A new stage in its corporate life
Founded in 2009, AlliancePharma is the result of the vision of Isabelle Bégin and Marc Lemieux. Having worked for years in the pharmaceutical industry and having noticed the enormous potential in pharmaceutical products and services, they saw an opportunity to better serve the needs of pharmacists and the healthcare industry, and thus AlliancePharma was born. The Corporation quickly became a major player in personnel placement for pharmacies.
In recent months the Corporation has undertaken to diversify through a series of acquisitions aimed at broadening its range of services to the healthcare industry. The Private Placement and the acquisitions previously announced mark a significant advance that gives shape to the vision of its two founders and positions AlliancePharma as a new strategic partner in the pharmaceutical industry.

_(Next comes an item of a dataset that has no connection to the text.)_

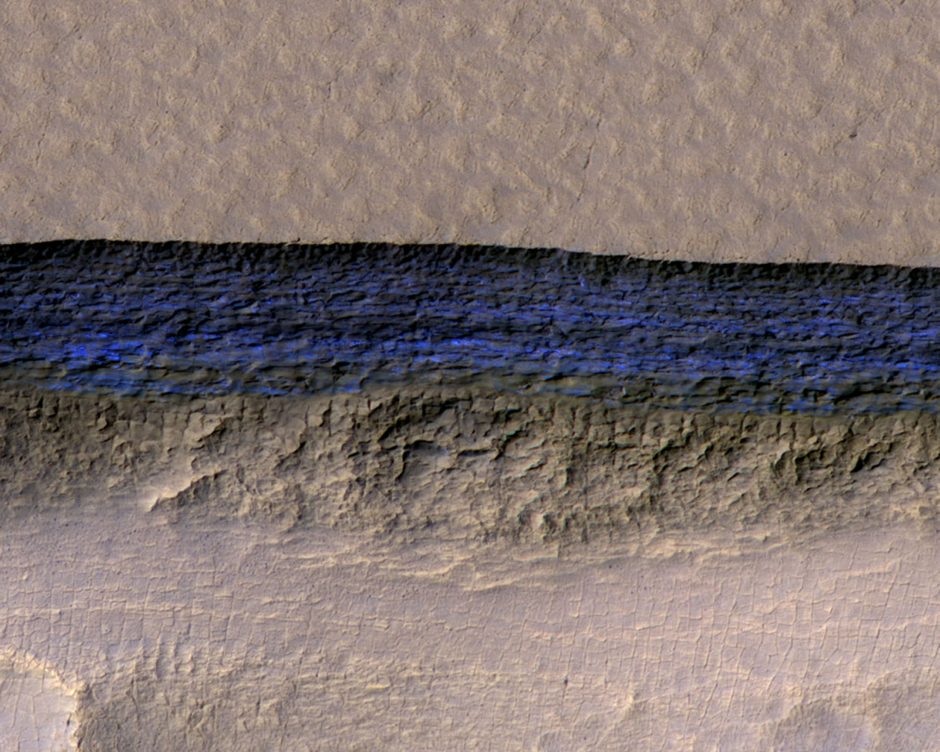 Marse aptikta didelių požeminių ledo telkinių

AlliancePharma is a leading solution and service provider to the pharmaceutical market. Today it is a respected name for quality and expertise among pharmacists. Its management team is guided by a vision of continuing to lead the way in Quebec while extending operations across Canada and internationally. Additional information on the Corporation is available at www.alliancepharmainc.ca and on SEDAR at www.sedar.com.

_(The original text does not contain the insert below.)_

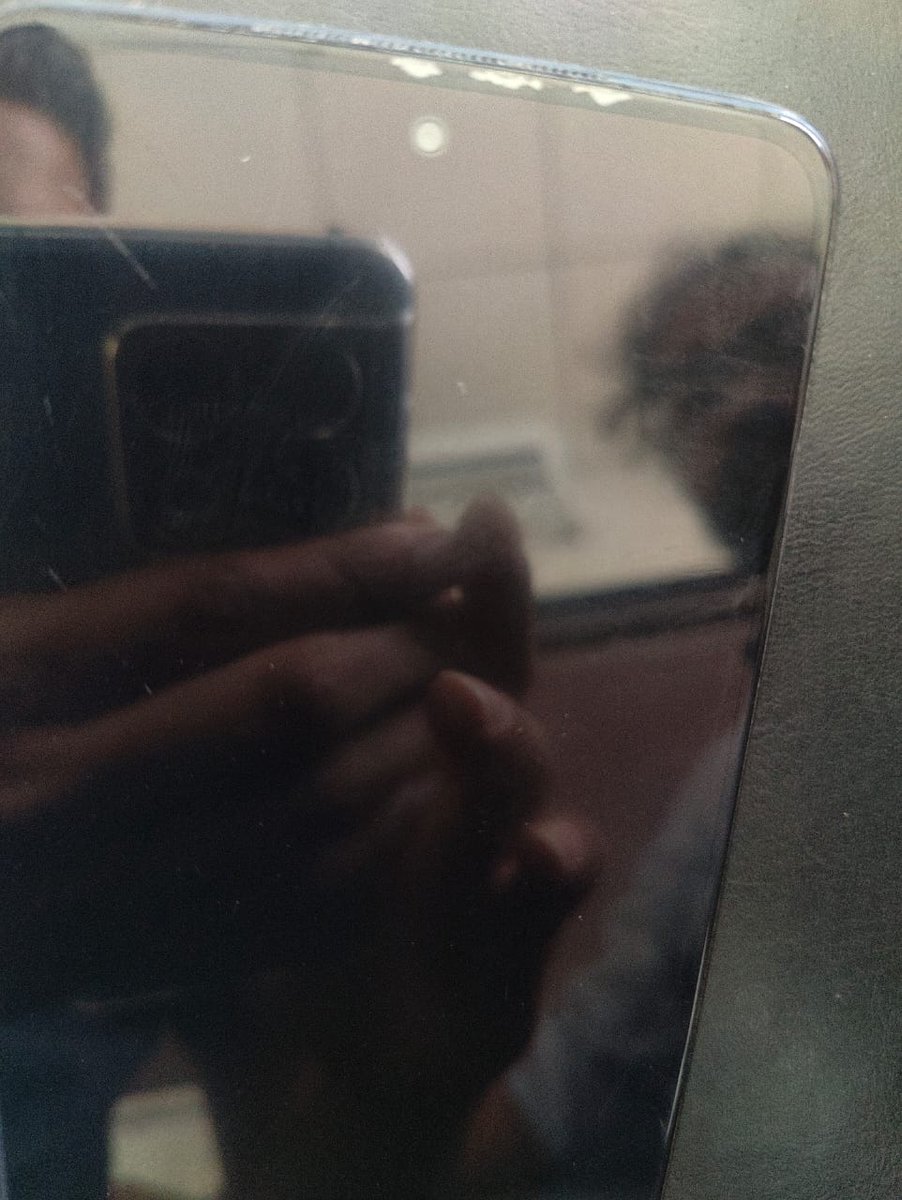 darshanp007's tweet photo. As shown in the photo below, air bubbles came on display and no physical damage on display. Why did this happen suddenly in my device.
Device name is mi 10i 5G
@XiaomiIndia @MiIndiaSupport @Xiaomi @TrakinTech @GyanTherapy @AmreliaRuhez @TechnicalGuruji https://t.co/T47GspEXAZ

CAUTION REGARDING FORWARD-LOOKING STATEMENTS
This press release from AlliancePharma contains forward-looking statements. Forward-looking statements are typically identified by the words assumption, goal, guidance, objective, outlook, strategy, target, and other similar expressions, or future or conditional verbs such as aim, anticipate, believe, predict, could, expect, intend, may, plan, seek, should, strive, and will. By their nature, forward-looking statements require us to make estimates and assumptions and express opinions based on current conditions and anticipated developments, as well as other factors that Management may deem appropriate under the circumstances. There is inherent uncertainty and significant risk in these estimates, assumptions, and opinions, particularly of a commercial, economic, and competitive nature, and they are therefore subject to change. AlliancePharma cannot guarantee that these estimates, assumptions, and opinions will prove to be accurate.

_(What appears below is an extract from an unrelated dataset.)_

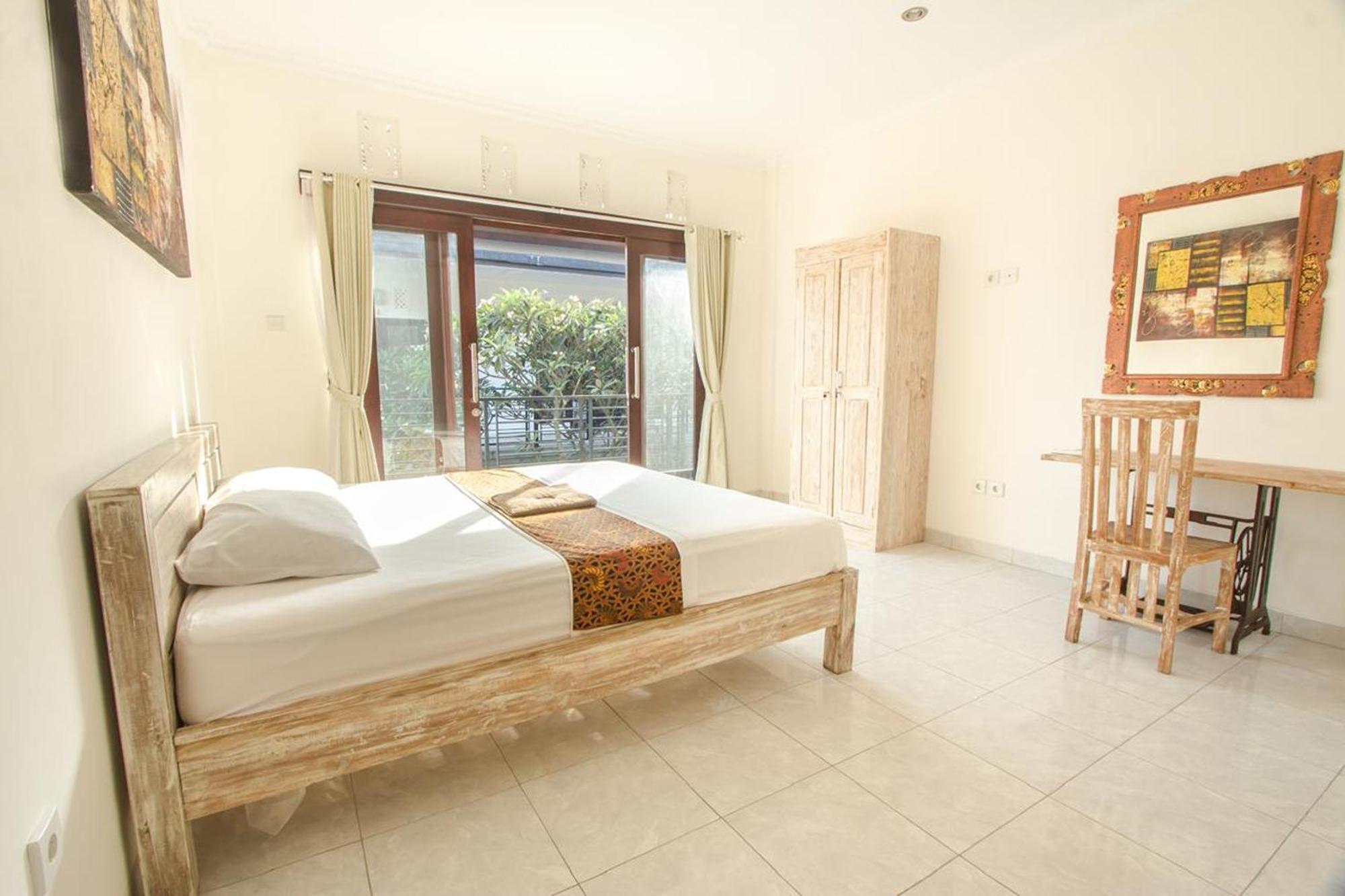 Azalea Homestay & Villa Canggu Esterno foto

Readers are cautioned not to accord undue credibility to such forward-looking statements, which are based solely on AlliancePharma's expectations as of the date of this press release. AlliancePharma declines all responsibility to update or revise its forward-looking statements, whether to account for new information or future events or circumstances, unless legally obligated to do so.
This press release does not constitute an offer to sell or the solicitation of an offer to buy securities in the United States, or in any jurisdiction in which such offer, solicitation, or sale would be unlawful. The securities described in this press release have not been and will not be registered under the United States Securities Act of 1933, as amended, nor under any State securities law, and may not be offered for sale or sold in the United States, unless registered in compliance with these laws or dispensed from such registration.
Neither the TSX Venture Exchange nor its Regulation Services Provider (as that term is defined in the policies of the TSX Venture Exchange) accepts responsibility for the adequacy or accuracy of this Press Release.